## WHAT YOU NEED TO DO
Leave the images aside and repeat the whole listing exactly.

## DATA BELOW
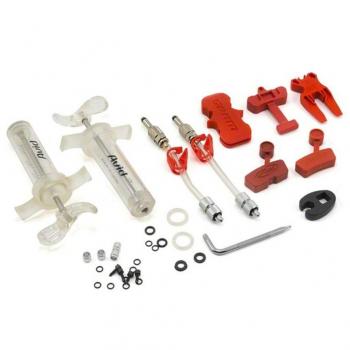 Avid Professional - Freno de herramienta multifunción para bicicletas, tamaño Pro, color greys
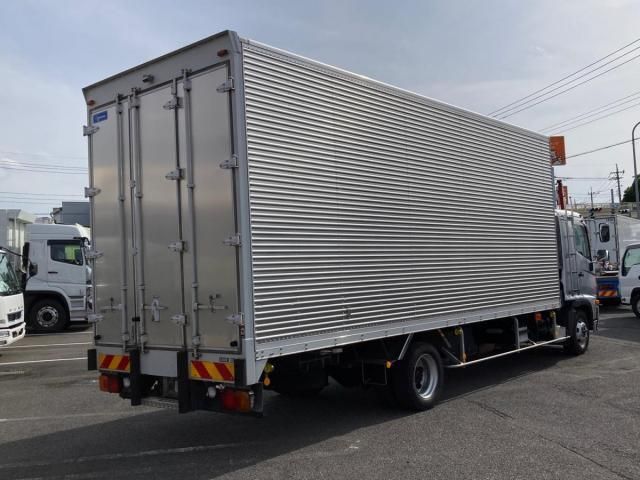 Ref No.A15931937 HINO RANGER Image#3
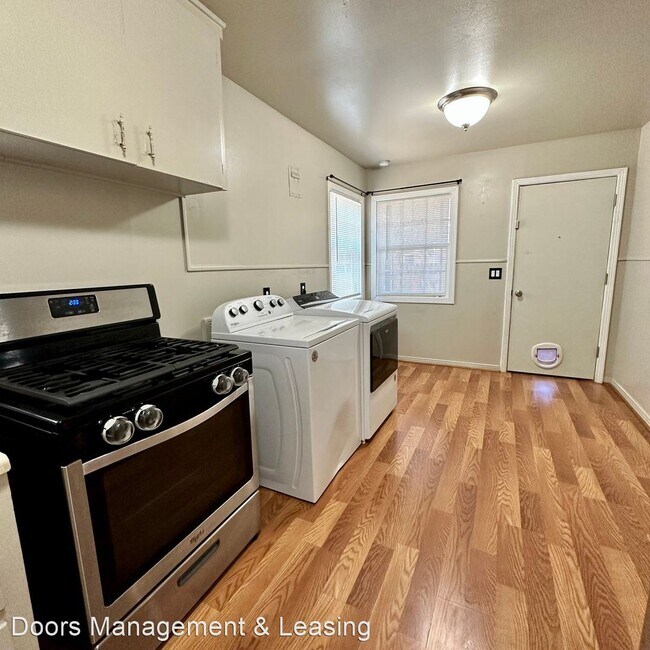Foto del edificio - 3 br, 1 bath House - 5508 Avenue G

## ANSWER AREA
 Avid Professional - Freno de herramienta multifunción para bicicletas, tamaño Pro, color greys
 Ref No.A15931937 HINO RANGER Image#3
Foto del edificio - 3 br, 1 bath House - 5508 Avenue G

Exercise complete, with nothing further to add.